Cerca de la Navidad de hace dos años, El despertar de la fuerza, secuela tardía de la trilogía original de La guerra de las galaxias, se recibió como un regalo. Un buen regalo: una reedición de lujo de algo que amaste mientras crecías. Pero no un regalo inesperado, de aquellos que contentan a la vez que hacen subir las pulsaciones. Se agradecía al director-coguionista J. J. Abrams que optara por la estética futurista pero sucia que hizo grande a la primera trilogía. De nuevo, el universo creado por George Lucas era físico, tangible y real, en lugar de una sucesión de dioramas digitales con personajes envarados paseando por su interior. El problema era que lo viejo ganaba quizá en exceso a lo nuevo: situaciones, escenarios, conceptos… Muchos samples muy identificables.

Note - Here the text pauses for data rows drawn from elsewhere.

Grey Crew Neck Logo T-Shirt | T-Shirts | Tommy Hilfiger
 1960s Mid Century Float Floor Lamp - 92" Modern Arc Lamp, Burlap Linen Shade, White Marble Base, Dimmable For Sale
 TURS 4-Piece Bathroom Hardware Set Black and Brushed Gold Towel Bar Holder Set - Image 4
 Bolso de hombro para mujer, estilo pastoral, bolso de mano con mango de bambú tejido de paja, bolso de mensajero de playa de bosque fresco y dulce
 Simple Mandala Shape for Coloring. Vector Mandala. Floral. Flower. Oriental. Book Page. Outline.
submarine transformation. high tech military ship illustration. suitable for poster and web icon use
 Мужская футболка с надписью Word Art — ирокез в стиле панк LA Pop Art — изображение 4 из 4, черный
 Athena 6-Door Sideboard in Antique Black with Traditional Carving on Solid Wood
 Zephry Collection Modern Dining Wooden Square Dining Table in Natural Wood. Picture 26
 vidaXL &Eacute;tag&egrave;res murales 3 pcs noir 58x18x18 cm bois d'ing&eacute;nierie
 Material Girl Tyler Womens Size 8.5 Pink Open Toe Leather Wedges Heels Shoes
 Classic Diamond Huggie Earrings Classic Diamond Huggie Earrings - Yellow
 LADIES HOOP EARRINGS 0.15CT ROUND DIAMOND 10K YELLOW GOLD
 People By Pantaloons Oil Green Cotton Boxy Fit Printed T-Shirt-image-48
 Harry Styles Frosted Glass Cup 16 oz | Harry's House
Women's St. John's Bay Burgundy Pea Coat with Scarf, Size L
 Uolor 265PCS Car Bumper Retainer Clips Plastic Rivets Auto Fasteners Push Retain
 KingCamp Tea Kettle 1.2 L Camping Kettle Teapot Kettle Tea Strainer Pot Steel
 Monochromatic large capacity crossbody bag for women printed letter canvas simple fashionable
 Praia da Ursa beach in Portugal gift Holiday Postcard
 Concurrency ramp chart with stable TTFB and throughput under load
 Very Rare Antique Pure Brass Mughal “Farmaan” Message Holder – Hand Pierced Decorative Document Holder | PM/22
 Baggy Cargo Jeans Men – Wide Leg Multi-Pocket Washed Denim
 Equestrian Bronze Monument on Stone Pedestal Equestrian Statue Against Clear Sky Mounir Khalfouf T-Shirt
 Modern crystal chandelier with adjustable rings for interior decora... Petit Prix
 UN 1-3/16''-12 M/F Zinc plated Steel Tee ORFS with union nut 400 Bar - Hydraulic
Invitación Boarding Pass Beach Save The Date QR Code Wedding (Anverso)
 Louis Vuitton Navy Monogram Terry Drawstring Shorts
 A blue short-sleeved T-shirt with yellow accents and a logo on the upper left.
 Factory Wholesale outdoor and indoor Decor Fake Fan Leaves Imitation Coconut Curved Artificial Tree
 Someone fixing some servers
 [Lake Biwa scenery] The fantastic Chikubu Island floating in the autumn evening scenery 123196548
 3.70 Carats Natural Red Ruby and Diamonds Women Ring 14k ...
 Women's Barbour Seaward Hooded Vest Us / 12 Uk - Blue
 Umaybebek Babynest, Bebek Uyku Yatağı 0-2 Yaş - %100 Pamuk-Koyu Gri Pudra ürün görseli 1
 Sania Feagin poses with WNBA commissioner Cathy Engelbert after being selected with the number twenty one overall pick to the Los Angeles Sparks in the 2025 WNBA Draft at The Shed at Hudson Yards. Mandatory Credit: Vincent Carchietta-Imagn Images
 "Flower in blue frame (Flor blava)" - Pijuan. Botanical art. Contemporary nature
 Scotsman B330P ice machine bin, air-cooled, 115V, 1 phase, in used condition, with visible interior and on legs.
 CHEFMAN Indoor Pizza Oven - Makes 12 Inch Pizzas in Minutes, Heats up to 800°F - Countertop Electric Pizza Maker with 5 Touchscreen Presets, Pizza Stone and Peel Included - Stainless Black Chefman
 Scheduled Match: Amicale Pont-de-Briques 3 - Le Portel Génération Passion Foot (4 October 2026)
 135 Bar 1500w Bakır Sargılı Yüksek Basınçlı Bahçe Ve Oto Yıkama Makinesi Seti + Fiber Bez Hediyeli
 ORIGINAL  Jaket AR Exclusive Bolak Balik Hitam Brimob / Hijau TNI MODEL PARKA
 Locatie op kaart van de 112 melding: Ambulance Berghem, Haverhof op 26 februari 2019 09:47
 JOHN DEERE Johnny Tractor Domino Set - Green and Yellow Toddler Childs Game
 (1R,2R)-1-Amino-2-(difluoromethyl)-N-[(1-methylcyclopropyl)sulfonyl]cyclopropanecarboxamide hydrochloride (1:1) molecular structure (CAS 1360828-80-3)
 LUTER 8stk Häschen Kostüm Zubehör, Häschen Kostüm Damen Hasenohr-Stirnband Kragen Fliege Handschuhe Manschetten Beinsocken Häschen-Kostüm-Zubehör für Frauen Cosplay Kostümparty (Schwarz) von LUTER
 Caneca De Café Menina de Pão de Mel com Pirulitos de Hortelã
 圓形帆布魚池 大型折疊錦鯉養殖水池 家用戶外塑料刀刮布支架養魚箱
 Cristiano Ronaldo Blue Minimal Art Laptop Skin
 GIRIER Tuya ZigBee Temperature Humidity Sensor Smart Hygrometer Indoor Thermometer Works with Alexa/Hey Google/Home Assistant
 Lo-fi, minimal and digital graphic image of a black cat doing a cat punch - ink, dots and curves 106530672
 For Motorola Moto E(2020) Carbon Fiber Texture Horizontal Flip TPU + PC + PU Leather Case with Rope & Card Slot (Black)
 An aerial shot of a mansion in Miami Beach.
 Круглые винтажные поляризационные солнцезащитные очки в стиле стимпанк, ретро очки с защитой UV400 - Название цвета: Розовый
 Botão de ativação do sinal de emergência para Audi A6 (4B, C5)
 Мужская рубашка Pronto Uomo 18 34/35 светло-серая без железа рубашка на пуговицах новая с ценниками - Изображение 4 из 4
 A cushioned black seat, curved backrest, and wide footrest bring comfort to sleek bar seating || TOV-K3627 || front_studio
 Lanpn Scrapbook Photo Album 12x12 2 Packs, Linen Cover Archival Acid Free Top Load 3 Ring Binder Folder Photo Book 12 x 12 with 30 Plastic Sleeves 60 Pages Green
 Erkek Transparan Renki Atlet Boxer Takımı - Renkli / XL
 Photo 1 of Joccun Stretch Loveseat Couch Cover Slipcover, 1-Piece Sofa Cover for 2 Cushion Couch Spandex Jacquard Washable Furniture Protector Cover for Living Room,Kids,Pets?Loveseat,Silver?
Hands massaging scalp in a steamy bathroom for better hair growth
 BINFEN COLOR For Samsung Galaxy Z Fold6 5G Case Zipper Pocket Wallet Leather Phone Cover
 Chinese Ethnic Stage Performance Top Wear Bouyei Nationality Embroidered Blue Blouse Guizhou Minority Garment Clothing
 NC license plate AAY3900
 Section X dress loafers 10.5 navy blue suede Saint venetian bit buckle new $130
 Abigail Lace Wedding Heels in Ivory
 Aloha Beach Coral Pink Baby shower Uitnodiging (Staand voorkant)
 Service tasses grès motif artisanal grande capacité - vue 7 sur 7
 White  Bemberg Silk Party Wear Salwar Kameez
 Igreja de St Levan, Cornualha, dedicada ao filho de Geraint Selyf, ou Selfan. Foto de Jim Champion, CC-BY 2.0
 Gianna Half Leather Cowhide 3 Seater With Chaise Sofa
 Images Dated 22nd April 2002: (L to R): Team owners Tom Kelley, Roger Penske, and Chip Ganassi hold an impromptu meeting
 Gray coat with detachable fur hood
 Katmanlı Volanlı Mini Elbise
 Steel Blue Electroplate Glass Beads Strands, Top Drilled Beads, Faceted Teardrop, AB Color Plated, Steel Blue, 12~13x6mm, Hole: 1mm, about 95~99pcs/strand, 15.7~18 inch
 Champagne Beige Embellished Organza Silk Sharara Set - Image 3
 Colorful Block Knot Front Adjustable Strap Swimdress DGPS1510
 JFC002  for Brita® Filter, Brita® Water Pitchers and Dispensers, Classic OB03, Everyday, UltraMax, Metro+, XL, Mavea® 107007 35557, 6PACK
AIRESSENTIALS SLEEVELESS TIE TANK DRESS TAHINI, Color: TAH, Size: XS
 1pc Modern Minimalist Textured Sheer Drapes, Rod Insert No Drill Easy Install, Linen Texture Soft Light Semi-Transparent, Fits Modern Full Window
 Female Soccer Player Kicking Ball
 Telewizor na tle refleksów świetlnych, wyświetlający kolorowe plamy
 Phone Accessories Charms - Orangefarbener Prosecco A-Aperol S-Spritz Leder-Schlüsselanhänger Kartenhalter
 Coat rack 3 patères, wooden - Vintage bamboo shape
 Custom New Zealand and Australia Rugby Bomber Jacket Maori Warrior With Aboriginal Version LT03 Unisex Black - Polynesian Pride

Star wars siempre será Star wars, y no tendría por qué ser de otra forma: viajamos aquí en busca de la aserción del bien y la justeza; de tragedias personales compensadas con triunfos comunes; del gozo de recuperar el espíritu aventurero de los seriales de otras épocas en mitad de unos tiempos de apatía. Partiendo de esas esencias se pueden inventar mil cosas, como tuvo claro Rian Johnson a la hora de desarrollar Los últimos Jedi.

Sin entrar en excesivo detalle, contaremos que el triángulo principal de esta entrega es el formado por Rey (Daisy Ridley), Luke (Mark Hamill) y Kylo Ren (Adam Driver), el sobrino torturado y parricida del segundo, al que la primera sueña con redimir, un sueño imposible según Luke. Como buena entrega de franquicia (retro) actual, Los últimos Jedi entrelaza en sus 152 minutos (ninguna entrega ha durado tanto) diversas tramas paralelas, aprovechadas por Johnson para jugar con nuevos personajes y localizaciones. El piloto Poe Dameron se enfrenta a la general Leia Organa con menos momentos estelares de lo deseable, según parece.